WORK TASK
Show each line from the records below in which the word "City" occurs.

RECORDS PROVIDED
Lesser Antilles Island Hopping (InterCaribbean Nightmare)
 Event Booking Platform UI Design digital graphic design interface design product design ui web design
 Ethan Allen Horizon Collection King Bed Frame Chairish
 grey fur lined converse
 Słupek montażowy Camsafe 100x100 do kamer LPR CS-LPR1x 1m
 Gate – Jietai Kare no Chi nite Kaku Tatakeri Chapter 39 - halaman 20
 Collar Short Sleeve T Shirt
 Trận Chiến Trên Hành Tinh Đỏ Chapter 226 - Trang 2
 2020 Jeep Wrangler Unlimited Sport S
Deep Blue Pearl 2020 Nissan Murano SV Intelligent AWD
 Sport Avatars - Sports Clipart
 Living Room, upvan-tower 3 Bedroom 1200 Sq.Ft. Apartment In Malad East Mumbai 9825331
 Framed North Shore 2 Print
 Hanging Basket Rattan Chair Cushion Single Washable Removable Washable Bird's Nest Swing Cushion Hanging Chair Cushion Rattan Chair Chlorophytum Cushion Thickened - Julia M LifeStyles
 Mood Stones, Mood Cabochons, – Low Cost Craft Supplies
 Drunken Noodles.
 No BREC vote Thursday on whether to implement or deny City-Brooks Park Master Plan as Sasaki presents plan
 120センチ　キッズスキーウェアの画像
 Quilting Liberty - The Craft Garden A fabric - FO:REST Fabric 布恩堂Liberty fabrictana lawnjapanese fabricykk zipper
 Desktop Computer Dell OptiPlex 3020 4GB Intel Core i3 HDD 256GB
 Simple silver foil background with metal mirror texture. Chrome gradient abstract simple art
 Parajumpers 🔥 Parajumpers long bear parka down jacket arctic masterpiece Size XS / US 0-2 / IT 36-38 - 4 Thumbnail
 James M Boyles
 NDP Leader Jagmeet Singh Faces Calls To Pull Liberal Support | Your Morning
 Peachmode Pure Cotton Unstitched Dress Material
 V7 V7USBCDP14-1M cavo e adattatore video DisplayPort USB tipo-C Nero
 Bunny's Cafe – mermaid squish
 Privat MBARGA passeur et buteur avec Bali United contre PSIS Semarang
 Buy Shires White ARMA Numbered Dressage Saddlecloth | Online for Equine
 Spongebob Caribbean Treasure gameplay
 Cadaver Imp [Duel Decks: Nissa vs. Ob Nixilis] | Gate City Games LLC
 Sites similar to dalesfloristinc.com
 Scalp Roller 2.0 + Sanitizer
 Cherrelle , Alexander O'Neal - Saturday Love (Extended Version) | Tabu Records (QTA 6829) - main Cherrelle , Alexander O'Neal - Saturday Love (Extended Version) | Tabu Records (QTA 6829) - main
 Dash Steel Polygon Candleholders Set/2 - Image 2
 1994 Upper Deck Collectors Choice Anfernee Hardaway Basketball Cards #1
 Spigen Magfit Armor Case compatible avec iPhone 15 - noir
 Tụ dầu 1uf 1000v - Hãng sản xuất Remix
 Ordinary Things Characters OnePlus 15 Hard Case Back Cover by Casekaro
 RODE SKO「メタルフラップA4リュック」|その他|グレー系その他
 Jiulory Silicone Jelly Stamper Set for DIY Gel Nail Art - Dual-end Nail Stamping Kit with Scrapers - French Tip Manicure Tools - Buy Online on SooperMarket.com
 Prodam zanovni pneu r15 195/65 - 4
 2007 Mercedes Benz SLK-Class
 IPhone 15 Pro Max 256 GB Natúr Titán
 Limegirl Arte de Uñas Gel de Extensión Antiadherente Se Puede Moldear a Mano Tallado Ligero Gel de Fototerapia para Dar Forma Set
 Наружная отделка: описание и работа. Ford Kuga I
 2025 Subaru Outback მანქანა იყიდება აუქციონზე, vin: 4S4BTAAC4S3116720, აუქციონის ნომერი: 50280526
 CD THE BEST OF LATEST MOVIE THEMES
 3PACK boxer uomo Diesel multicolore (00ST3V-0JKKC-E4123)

THE COMPLETED TASK
 No BREC vote Thursday on whether to implement or deny City-Brooks Park Master Plan as Sasaki presents plan
 Cadaver Imp [Duel Decks: Nissa vs. Ob Nixilis] | Gate City Games LLC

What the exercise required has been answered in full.